* [Supplied information]

<<<<

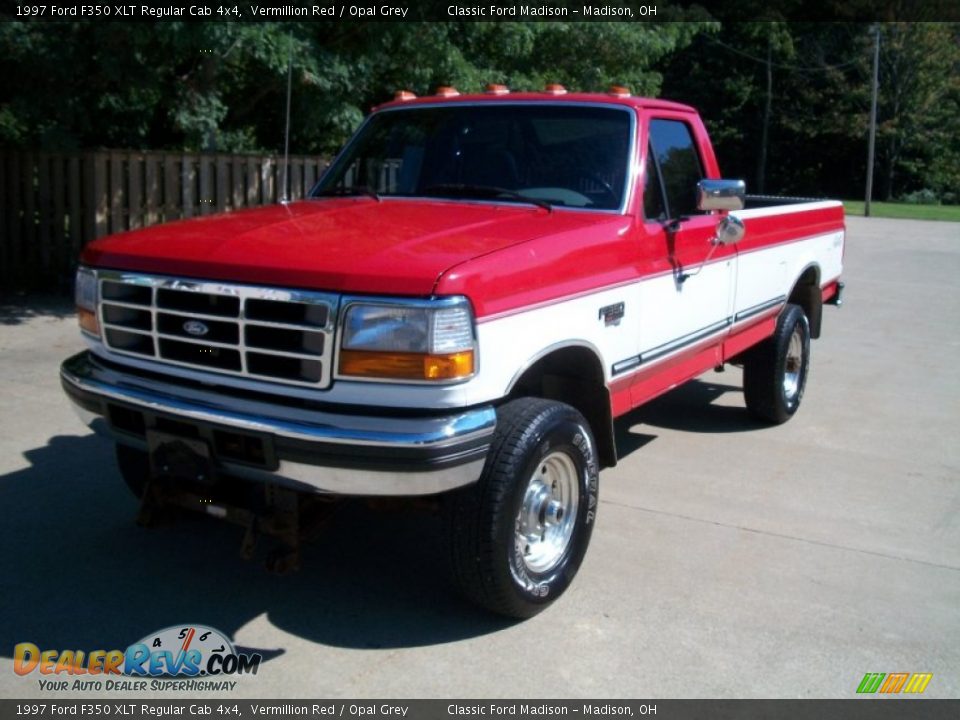 1997 Ford F350 XLT Regular Cab 4x4 Vermillion Red / Opal Grey Photo #1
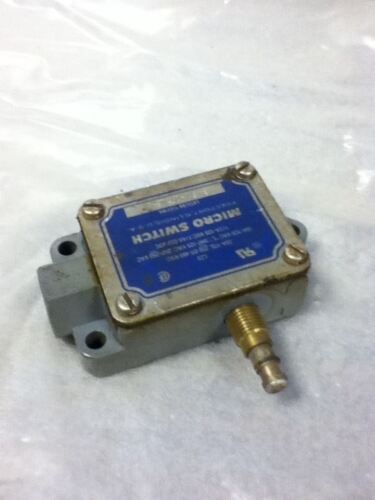 MICRO SWITCH BAF1-2RN28-LH LIMIT SWITCH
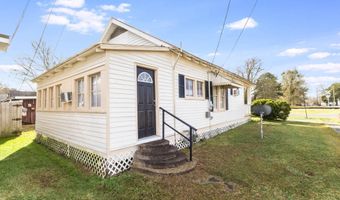 801 Godchaux St, Abbeville, LA 70510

>>>>

* [About this task]
The full data, repeated exactly and stripped of its pictures, is the expected answer.

* [Problem solution]
 1997 Ford F350 XLT Regular Cab 4x4 Vermillion Red / Opal Grey Photo #1
 MICRO SWITCH BAF1-2RN28-LH LIMIT SWITCH
 801 Godchaux St, Abbeville, LA 70510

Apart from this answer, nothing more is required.